The story follows a reporter, Stew Smith (Williams) who helps an heiress' family with a paternity suit and wins her hand in marriage as a reward. Harlow isn't terribly believable as a society dame and her usual quirky comic personality is subdued in order to play a somewhat shrill chic who has looks and money but little else to offer (as if that ain't enough!) She and Williams have some nice love scenes together, though which adds at least a touch of humanity to her character. After a few months of trying to live in the family mansion, dress for dinner and stay away from his cronies back at the office, including his gal pal, Gallagher (Loretta Young), and Stew has a meltdown. He invites all his reporter friends over and they trash the mansion. If that's not enough, he and Gallagher are caught collaborating on a sofa in a rather unprofessional pose. I've never seen Young play this sort of role before, and I think she does fine.

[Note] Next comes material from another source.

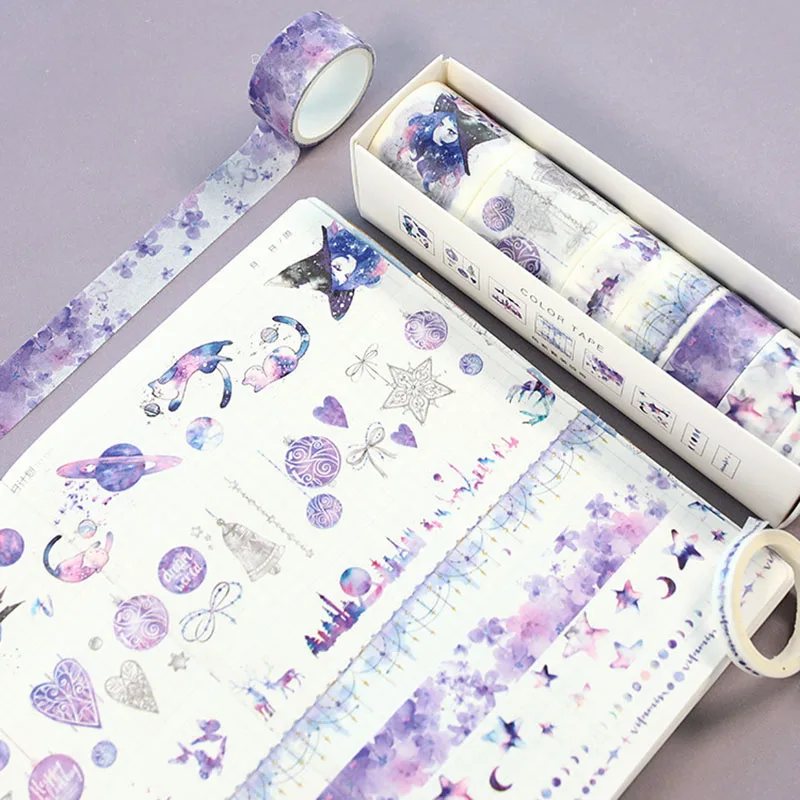 New Spiral Flamingo Space Bullet Journal Diary Handbook Set Travel Notebook Planner with Sticker Tape Beautiful Agenda - Цвет: 09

Although, she is insanely pretty and its a bit of stretch to believe that Stew never notices her until the end of the movie. The movie is definitely pre-Code in that it ends with Stew and Gallagher living together in his old apartment, while he's waiting for his divorce from the heiress to come through! Try that after 1934!
Frank Capra directed Platinum Blonde and it has the comic energy and passion of his later films minus the crusading bent. That isn't meant as a criticism. I actually enjoy taking a break from the crusading Capra every once in a while. Loretta Young plays the first in a long line of Capra female newspaper reporters in movies like Meet John Doe, Mr. Smith Goes to Washington, and Mr. Deeds Goes to Town. What's missing from the formula here is the fatherly editorial figure whose special relationship sees the female reporter through difficult times. That's because the emphasis is on Stew and maintaining his integrity in the face of his wife's money.
I love newspaper movies and this is a good one. It's more about the culture of being a reporter than about any one big story, which is another refreshing break. No major corruption scandal is broken; no Tammany Hall is toppled. In fact the leads leave the reporting game altogether to write a novel together, a perhaps laughable plan, but one that's inconceivable from Capra later in the decade.